Friday, October 06, 2006

Fourth Statement of the METF to the ICPJ Steering Committee

STATEMENT OF THE MIDDLE EAST TASK FORCE
TO THE INTERFAITH COUNCIL FOR PEACE AND JUSTICE STEERING COMMITTEE

Approved by consensus of the Middle East Task Force at its regular meeting on October 3, 2006.

We wish to share our thoughts with you as you ponder the future of the Interfaith Council for Peace and Justice's (ICPJ) Middle East work. Although the mediation process that the Steering Committee committed itself to has barely begun, it nonetheless has begun. And, by all accounts—including the Dispute Resolution Center representatives, it is off to a promising start. Paul Versluis and Sheri Wander have agreed to serve as mediators and we are confident that they will be fair and honest.
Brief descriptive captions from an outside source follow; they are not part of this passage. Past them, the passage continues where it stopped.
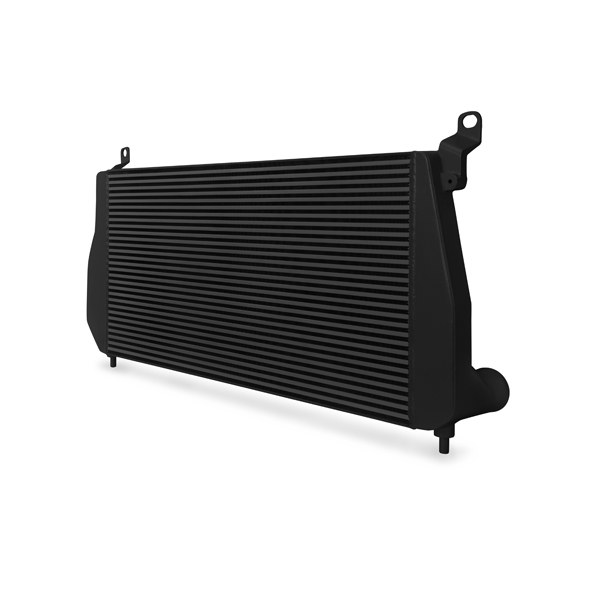 Mishimoto Intercooler, Air to Air, 45.6 Inch Width X 23.4 Inch Height X 8.2 Inch Thick Overall Dimension – MMINT-DMAX-01BK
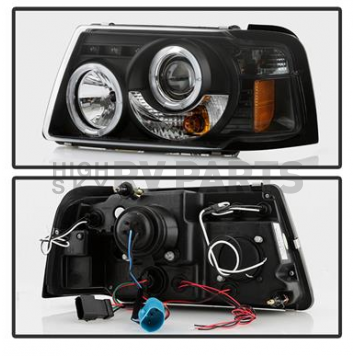 Spyder Automotive Headlight Assembly 5010490-1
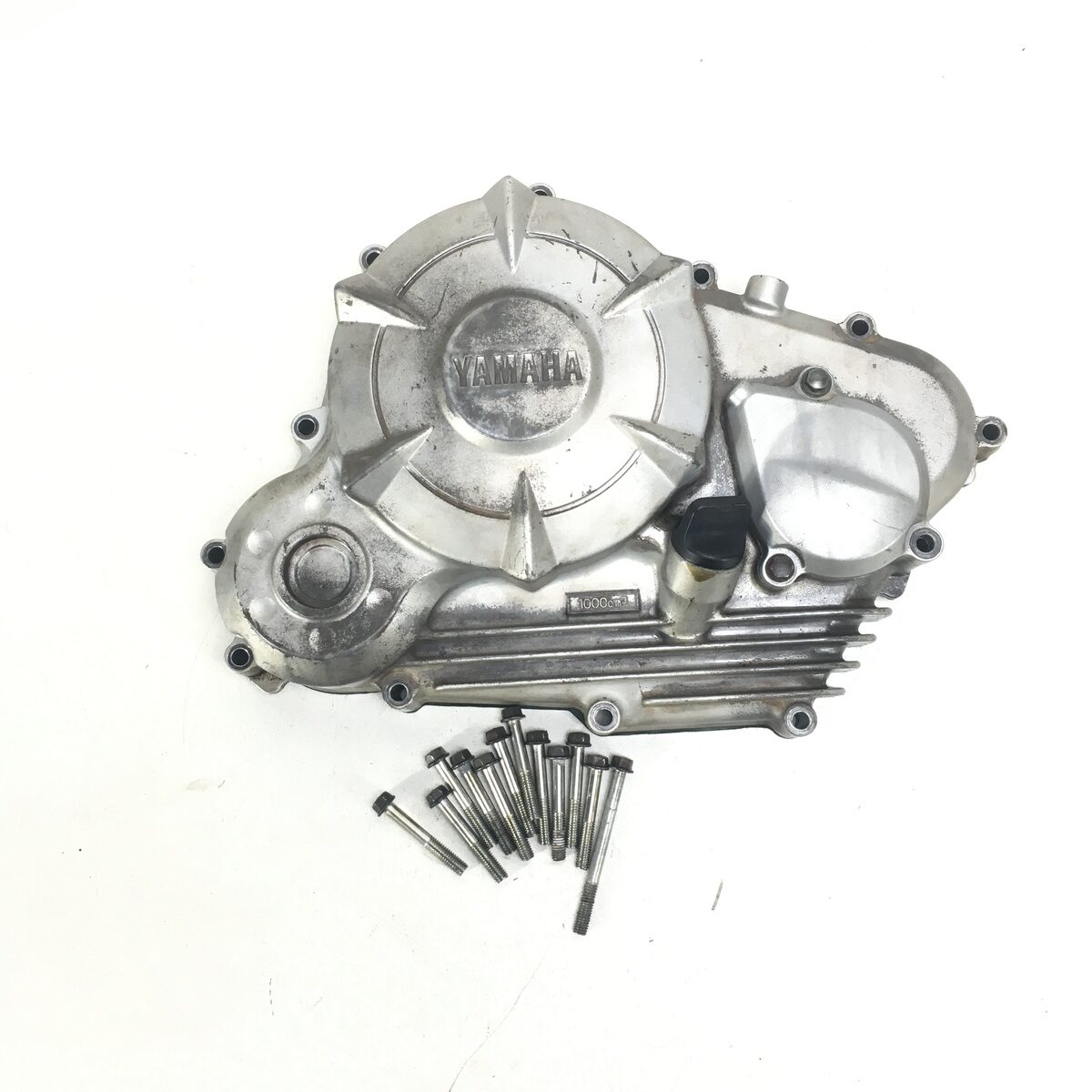 Tampa Embreagem Fazer Factor/ Crosser 150 Original Yamaha - Imagem 3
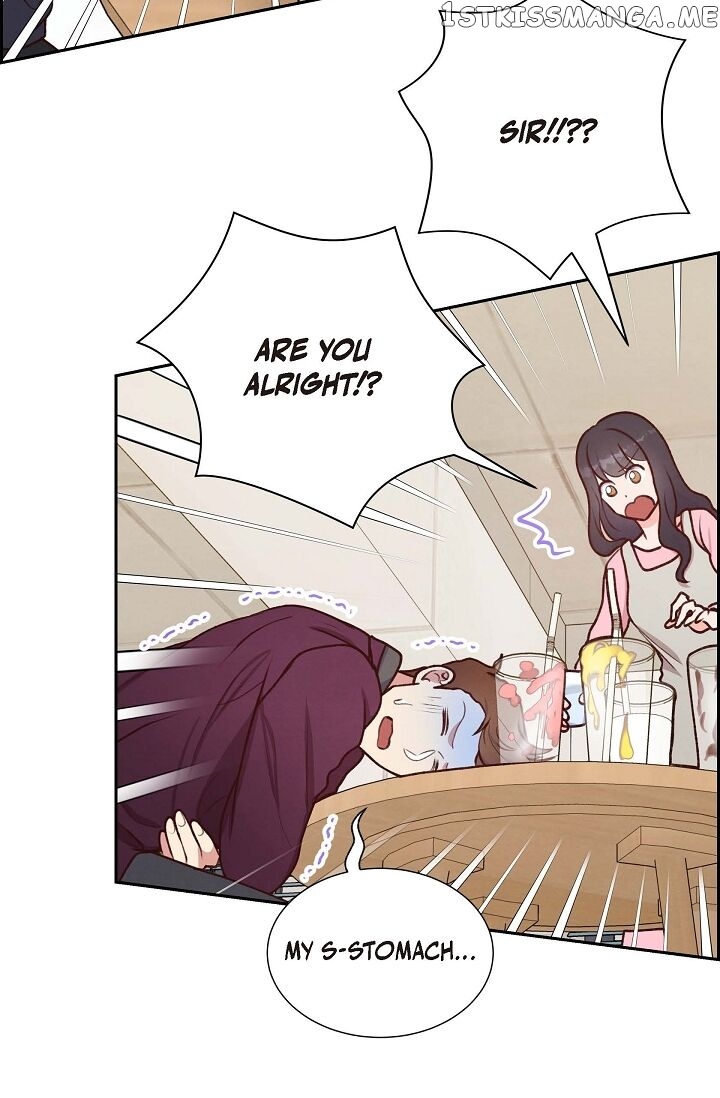 A Spoonful Of Your Love chapter 8 - page 22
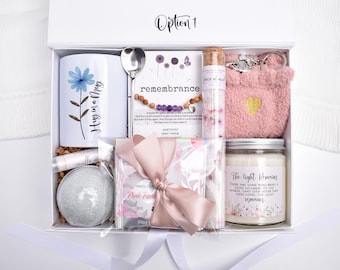 Grief Care Package, Sympathy Gift Box, Sympathy Gift Basket, Loss Of Mother, Death Of Father, Bereavement Gift Box, Sorry For Your Loss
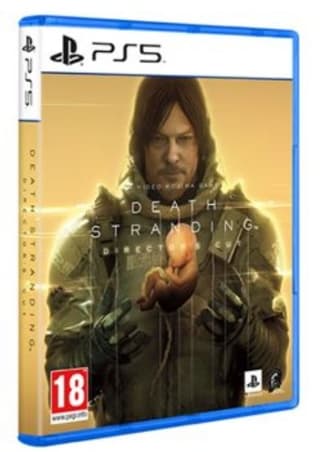 Death Stranding Director’s Cut PS5 por 19,99 (Socios)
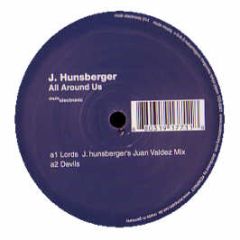 J. Hunsberger - All Around Us - Mule Electronic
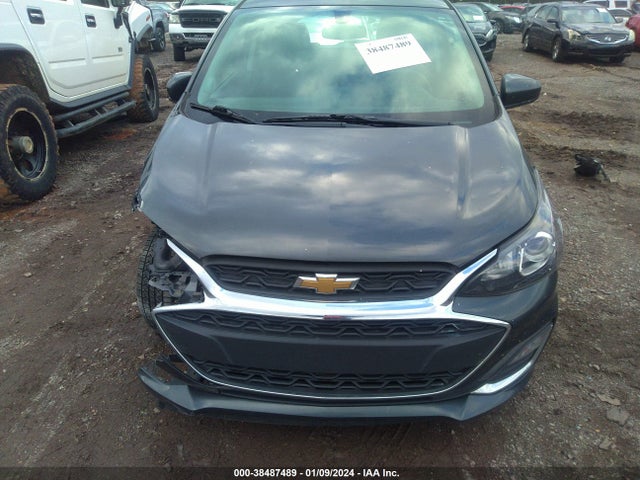 Chevrolet Spark Fwd 1lt Automatic 2020 KL8CD6SAXLC418281 Image 13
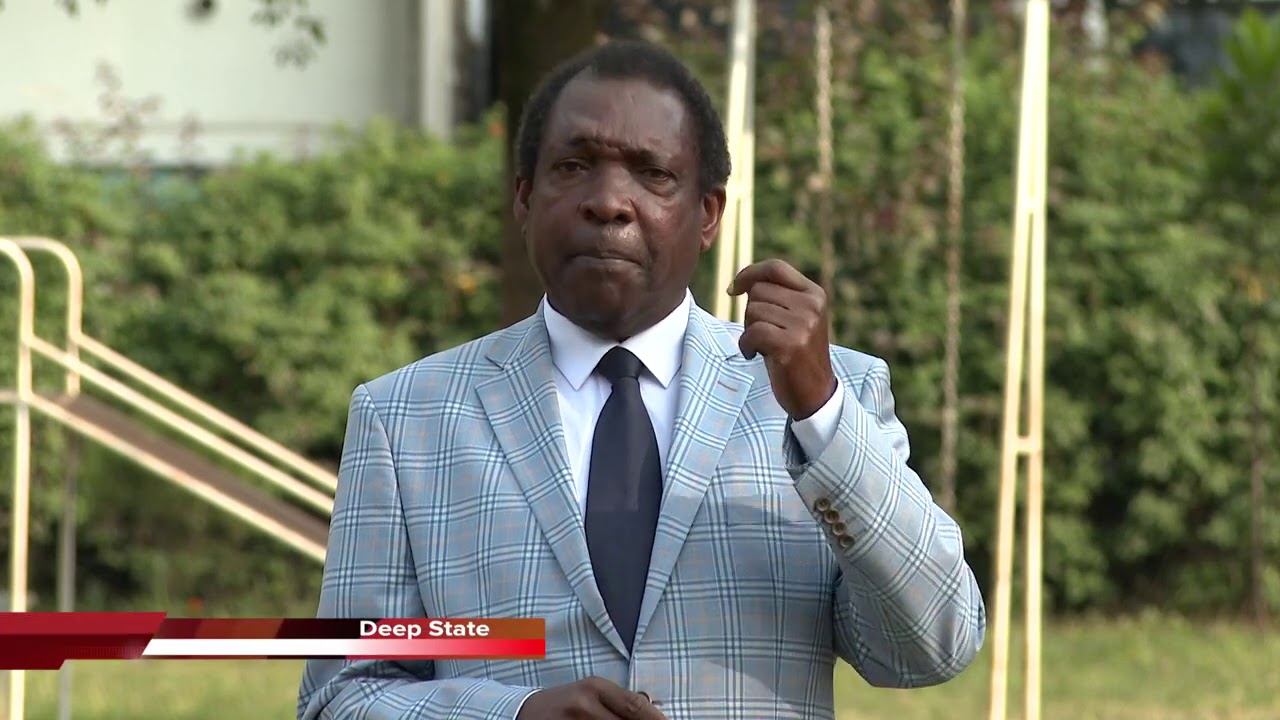 Ruto or Raila: Who is Deep State?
We agree with Sheri Wander's statement in her proposal (PDF): "Unless ICPJ deals with both the presenting and underlying conflicts and issues of the current situation they can not truly move forward. The issues will continue to surface in the work of ICPJ, the relationships of members, and the relationship of ICPJ to the larger community." We also agree with the remarks of "Imagine Event" participant Arnold Stieber, who recently wrote to mediation committee members: "I agree with the 9/27/06 'Report from the Mediation/Conflict Resolution Committee' [PDF]. If the people from the METF are dismissed, and/or if the Olive Branch Alliance is a replacement for the METF, then nothing has been accomplished."

Also, as "Imagine Event" facilitator David Yamamoto notes (PDF):
It is my experience that good intentions often translate to premature implementation. I would caution against rushing into implementation. Careful planning and thoughtful action will-in the long run-increase the chances of a successfully [sic] implementation.

The challenge for ICPJ to initiate this new model rests, in my view, on two critical factors: The first, I have discussed in recruiting individuals who will carry out the spirit that founded The Olive Branch Alliance. The second, the engagement in a healing process that will allow everyone to move forward in a positive and supportive fashion in making the Alliance work successfully. [p. 17]
Thus, we urge you to support the mediation process and to postpone any action on the "Olive Branch Alliance" (OBA) proposal until after the mediation process has run its course.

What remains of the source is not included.